Likewise, they appealed to the Sudanese government “to take positive steps as a government, whose prime interest is the protection of lives and the respect of the dignity of its citizens, to sit and negotiate a just and peaceful settlement to the conflict.”

Warning that “war is not the best way of addressing grievances,” the prelates appealed to both sides in the conflict to sit at the negotiating table “to seek a just and peaceful solution to the situation.”

Both the MJE and the SLM, as well as the Sudanese government are called by the Bishops to “accept the invitation of the intermediaries to seek a peaceful settlement.”

“We also plead with the international community to avoid further discussion and compromise. We ask all concerned authorities to stop politicking. What is at stake are the lives of hundreds of thousands of innocent people…There is no room for further statements, discussions, or deliberation. This is a time for action to save innocent people,” they exhorted.

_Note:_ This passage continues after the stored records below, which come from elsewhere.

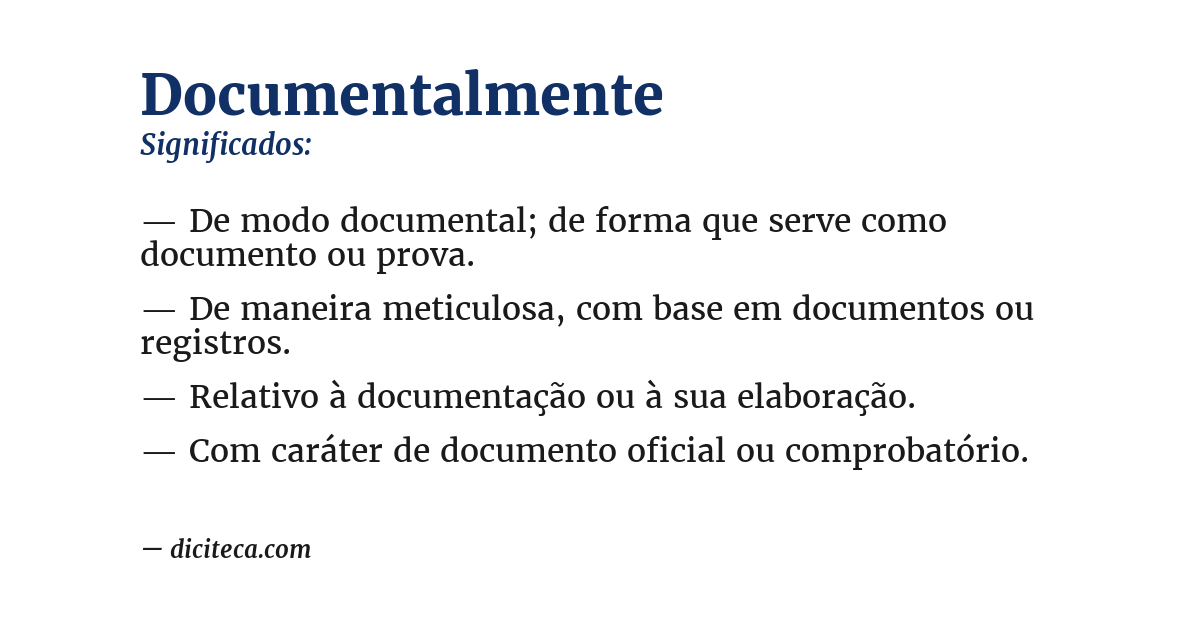 Significado de documentalmente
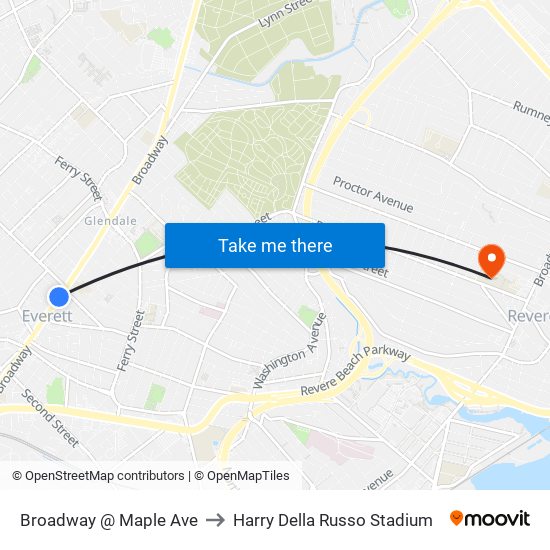 Broadway @ Maple Ave to Harry Della Russo Stadium map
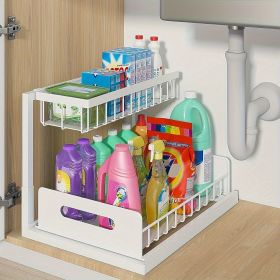 1/2pcs kitchen rack for sink organization and storage, under sink organization, sliding pull-out cabinet organization rack, metal sliding drawer (Color: white-1pc)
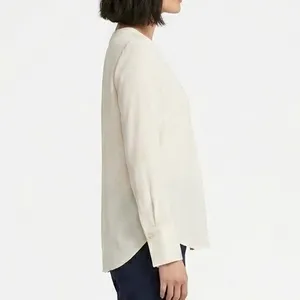 Ann Taylor Ivory V-Neck Long Sleeve Blouse Career Office Top Size Medium thumbnail 3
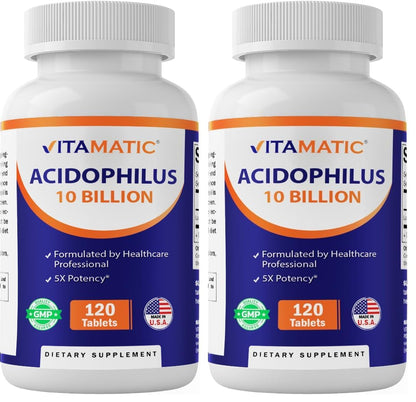 Vitamatic Acidophilus Probiotic – 10B CFU, 120 Tablets (Pack of 2)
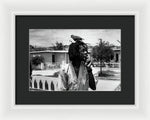 Peter Tosh Burning A Spliff In His Front Yard With His Parrot Freddie - Framed Print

Appealing to the United Nations “to assume their responsibilities,” the Catholic prelates of Sudan said that the “holocaust of the African ethnicity in Darfur is ethnic cleansing.”

The United Nations’ “ultimatum” to the Sudanese government, to stop supporting the Janjaweed militias, expires on Monday. If Khartoum does not respect it, it is facing economic sanctions.

Meanwhile, peace talks continue in Abuja, Nigeria, between the government of Sudan and the two guerrilla movements in Darfur.

The St. Egidio Community, which has sent a delegation to the talks, is attending as an observer.